- About this task
Output only the lines below that start at the line containing "105 Big Bear Drive — Pisgah Forest" and end at the line containing "BT21角色KOYA的各种周", with both ends kept.
START Source data
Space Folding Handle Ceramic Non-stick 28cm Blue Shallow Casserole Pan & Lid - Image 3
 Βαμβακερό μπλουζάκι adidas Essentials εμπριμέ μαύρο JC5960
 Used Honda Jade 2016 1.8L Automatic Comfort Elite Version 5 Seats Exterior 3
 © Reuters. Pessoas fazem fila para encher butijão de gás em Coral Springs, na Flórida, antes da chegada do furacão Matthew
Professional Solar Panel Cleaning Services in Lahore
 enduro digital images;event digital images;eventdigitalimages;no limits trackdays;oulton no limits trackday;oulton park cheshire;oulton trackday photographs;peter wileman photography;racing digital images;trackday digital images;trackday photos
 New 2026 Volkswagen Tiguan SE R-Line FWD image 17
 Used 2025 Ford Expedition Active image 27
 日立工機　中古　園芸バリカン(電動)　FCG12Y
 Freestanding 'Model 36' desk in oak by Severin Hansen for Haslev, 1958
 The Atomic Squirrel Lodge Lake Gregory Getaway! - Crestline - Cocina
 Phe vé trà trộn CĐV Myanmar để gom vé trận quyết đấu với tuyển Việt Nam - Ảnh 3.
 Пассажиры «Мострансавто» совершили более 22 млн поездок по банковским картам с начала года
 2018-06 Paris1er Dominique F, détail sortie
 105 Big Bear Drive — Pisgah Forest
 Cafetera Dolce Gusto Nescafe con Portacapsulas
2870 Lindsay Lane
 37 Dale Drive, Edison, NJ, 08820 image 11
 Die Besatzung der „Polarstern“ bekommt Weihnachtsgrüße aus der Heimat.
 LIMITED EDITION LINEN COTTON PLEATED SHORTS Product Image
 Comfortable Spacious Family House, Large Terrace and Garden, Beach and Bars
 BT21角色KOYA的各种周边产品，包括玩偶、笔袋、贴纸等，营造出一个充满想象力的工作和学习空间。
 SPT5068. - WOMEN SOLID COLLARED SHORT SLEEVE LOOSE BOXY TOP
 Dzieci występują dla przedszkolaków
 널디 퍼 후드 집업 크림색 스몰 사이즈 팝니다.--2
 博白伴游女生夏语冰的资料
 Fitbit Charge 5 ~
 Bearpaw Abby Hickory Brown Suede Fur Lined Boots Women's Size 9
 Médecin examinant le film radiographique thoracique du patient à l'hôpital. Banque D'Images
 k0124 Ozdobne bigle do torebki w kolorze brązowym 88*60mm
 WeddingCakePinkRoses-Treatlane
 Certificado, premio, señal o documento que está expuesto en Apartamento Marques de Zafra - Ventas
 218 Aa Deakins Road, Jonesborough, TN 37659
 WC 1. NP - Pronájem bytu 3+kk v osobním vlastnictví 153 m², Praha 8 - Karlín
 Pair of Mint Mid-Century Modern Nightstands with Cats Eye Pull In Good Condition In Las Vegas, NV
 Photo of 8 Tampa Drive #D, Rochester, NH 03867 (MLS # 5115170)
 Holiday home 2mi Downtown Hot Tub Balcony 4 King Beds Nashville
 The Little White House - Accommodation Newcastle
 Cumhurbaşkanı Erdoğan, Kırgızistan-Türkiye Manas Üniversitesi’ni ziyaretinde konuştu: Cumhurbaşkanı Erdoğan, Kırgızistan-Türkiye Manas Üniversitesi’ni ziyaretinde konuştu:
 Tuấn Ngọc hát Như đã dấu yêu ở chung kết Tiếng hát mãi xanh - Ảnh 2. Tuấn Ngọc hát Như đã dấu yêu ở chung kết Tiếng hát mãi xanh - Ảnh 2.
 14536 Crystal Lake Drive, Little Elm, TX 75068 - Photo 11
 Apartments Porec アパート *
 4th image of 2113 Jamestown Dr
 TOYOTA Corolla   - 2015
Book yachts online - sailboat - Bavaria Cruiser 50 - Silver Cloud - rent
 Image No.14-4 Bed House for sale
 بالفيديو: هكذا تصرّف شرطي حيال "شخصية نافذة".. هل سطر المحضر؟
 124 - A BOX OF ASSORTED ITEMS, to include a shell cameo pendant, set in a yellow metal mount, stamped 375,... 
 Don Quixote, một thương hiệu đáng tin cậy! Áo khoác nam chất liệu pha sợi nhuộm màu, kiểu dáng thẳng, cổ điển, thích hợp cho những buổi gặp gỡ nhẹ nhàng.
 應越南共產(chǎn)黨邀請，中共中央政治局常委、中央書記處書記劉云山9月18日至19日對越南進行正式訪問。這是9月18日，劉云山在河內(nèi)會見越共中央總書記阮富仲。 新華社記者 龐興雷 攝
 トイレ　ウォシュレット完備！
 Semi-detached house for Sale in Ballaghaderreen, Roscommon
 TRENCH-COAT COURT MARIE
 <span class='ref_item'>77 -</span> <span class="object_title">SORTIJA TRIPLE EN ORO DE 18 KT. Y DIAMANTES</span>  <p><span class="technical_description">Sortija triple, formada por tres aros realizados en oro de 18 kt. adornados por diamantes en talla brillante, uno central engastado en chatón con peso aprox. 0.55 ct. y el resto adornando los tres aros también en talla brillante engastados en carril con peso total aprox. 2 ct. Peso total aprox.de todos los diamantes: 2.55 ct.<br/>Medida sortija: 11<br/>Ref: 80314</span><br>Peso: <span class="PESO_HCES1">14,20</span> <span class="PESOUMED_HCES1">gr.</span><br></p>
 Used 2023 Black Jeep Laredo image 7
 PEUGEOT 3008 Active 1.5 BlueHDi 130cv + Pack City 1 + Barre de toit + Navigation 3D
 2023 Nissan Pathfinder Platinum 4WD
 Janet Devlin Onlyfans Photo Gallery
END Source data
- Exercise solution
 105 Big Bear Drive — Pisgah Forest
 Cafetera Dolce Gusto Nescafe con Portacapsulas
2870 Lindsay Lane
 37 Dale Drive, Edison, NJ, 08820 image 11
 Die Besatzung der „Polarstern“ bekommt Weihnachtsgrüße aus der Heimat.
 LIMITED EDITION LINEN COTTON PLEATED SHORTS Product Image
 Comfortable Spacious Family House, Large Terrace and Garden, Beach and Bars
 BT21角色KOYA的各种周边产品，包括玩偶、笔袋、贴纸等，营造出一个充满想象力的工作和学习空间。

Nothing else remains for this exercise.